TE: I present regularly on topics such as “why BI projects fail and what to do about it” and “how to implement BI competency centers.” Overall, there’s higher maturity in BI, but it’s widely scattered, with each new generation relearning most of the same lessons.
The key area of improvement that is required is to always remember that BI is about people and the business, not about the software architecture. The technology is, of course, often a challenge, but when BI projects fail, it’s almost inevitably a problem with organization, culture, expectation setting, and business alignment. If you run a BI project, you should be spending more time on these things than the underlying IT infrastructure.
TE: MapReduce, Hadoop, and related technologies have proven their worth in enterprise contexts surprisingly quickly, and every vendor in the BI space is busy providing tighter integration.

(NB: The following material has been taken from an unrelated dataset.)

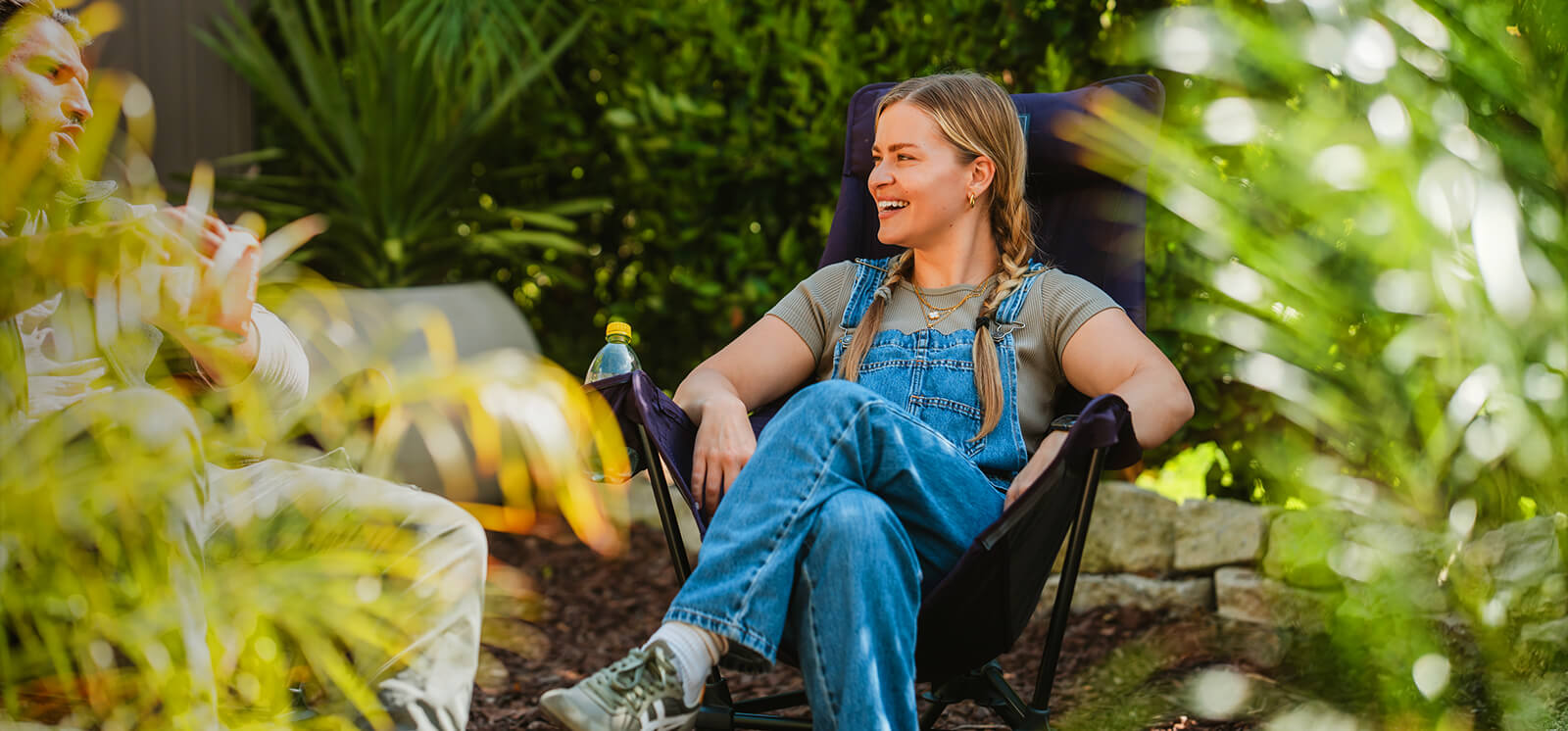 A young women sits smiling surrounded by lush greenery in an ENO Lounger DL Chair with their legs crossed.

The latest version of SAP’s Sybase IQ database has tight links with Hadoop, and you’ll see a lot more coming out this year, both in terms of integration and best practice (i.e., determining where it makes the most sense to use these new technologies).
TE: As I sat down to gather my thoughts about BI in 2012, I quickly came up with the same long laundry list of BI topics as everybody else: in-memory, mobile, predictive, social, collaborative decision-making, data discovery, real time, etc.
All of these things are clearly important, and we’re going to continue to see great improvements this year. But I think that the real next big thing in BI is what I’m seeing when I talk to customers: they’re using these new opportunities to not only improve analytics, but also fundamentally rethink some of their key business processes.
Instead of analytics being something that is used to monitor and eventually improve a business process, I’m seeing analytics become a more fundamental part of the business process itself. One example is a large Telco company that has transformed the way it attracts customers. Instead of laboriously creating a range of rate plans, promoting them, and analyzing the results, it now uses analytics to automatically create hundreds of more complex, personalized rate plans. The plans are then thrown out into the market, monitored in real time, and those that aren’t successful are quickly culled. It’s a way of doing business that would have been inconceivable in the past, and will be a lot more common in the future.
TE: When at Business Objects we used our own technology to run things, we put a French spin on the phrase “eating our own dog food” and claimed that we were “drinking our own Champagne.” So that’s my answer!